Using data-crunching skills polished at Google, Merrill says ZestFinance analyzes 70,000 variables to create a finely tuned risk profile of every borrower that goes far beyond the bounds of traditional credit scoring. The more accurately a lender can assess a borrower’s risk of default, the more accurately a lender can price a loan. Just going by a person’s income minus expenses, the calculus most often used to determine credit-worthiness, is hardly enough to predict whether a person will pay back a loan, he says.
“Our finding, much like in Google search quality, is that there’s actually hundreds of small signals, if you know where to find them,” Merrill says.
For instance, he says, many subprime borrowers also use prepaid cellphones. If they let the account lapse, they lose their phone number. Would-be borrowers who don’t make keeping a consistent phone number a priority send a “huge negative signal.” It’s not about ability to pay, he says. It’s about willingness to pay. By examining factors that don’t play into standard credit scoring — and are therefore ignored by traditional banks — Merrill says ZestFinance can help bring the “underbanked” back into the financial mainstream.
Currently ZestFinance licenses its technology to SpotLoan, an online lender that offers loans of $300 to $800 at rates it advertises as about 50 percent less than those of standard payday loans. On a recent visit to the site, the standard annual percentage rate (APR) for a loan issued to a California resident was 330 percent — $471 for a $300 loan paid back over three months, the smallest, shortest-term loan the site offered.

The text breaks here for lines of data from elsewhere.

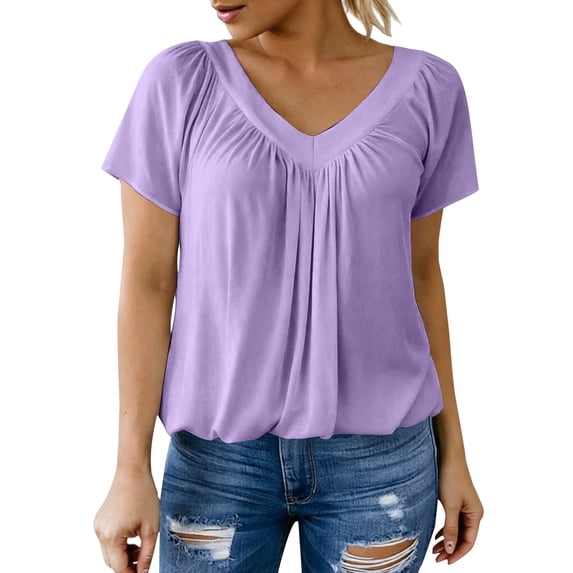 2026 Womens Short Sleeve Tops Casual Summer Blouses Trendy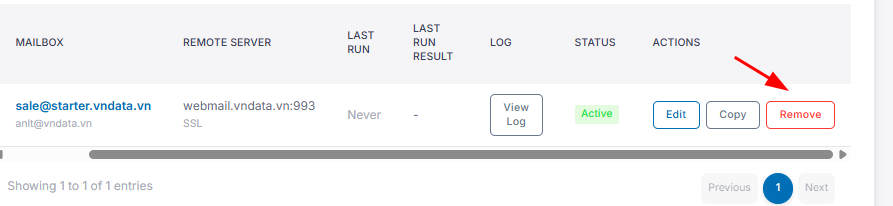 Chọn Remove để xóa Sync Job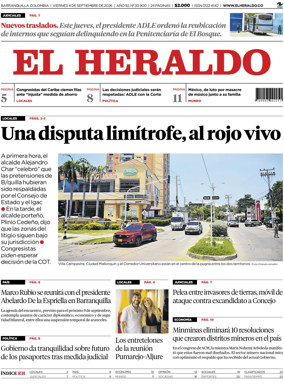 Cover of El Heraldo (Colombia)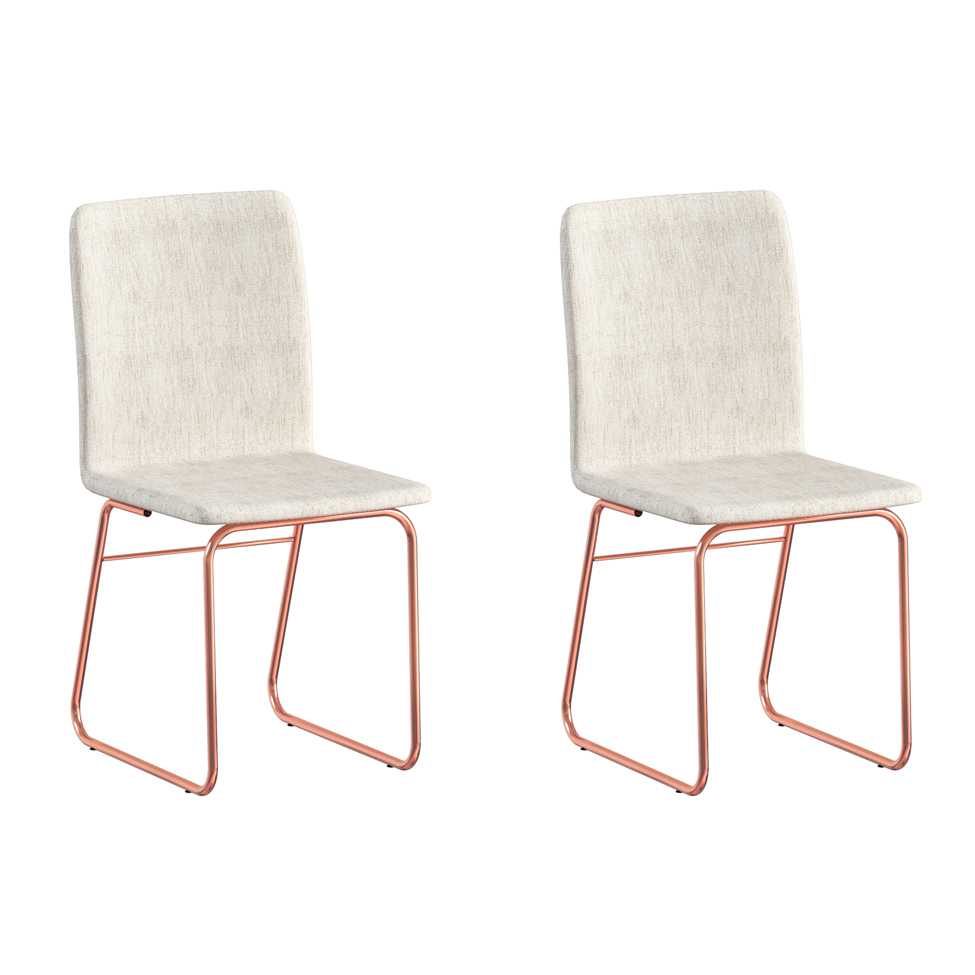 Conjunto com 2 Cadeiras Lana Rosé Gold e Palha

By comparison, standard payday loans available online offered APRs of about 460 percent, though the term was just 14 days. The rates on 30-day loans ran a little less than half that. Either way, a $200 loan ends up costing about $235 in financing if paid back on time via the old-school payday lenders.
Merrill acknowledges that ZestFinance-powered loans still aren’t cheap.
“We are an expensive loan compared to credit cards or what you can get from your family,” he says. “The problem is not everyone can get credit cards, or can borrow money from their family.”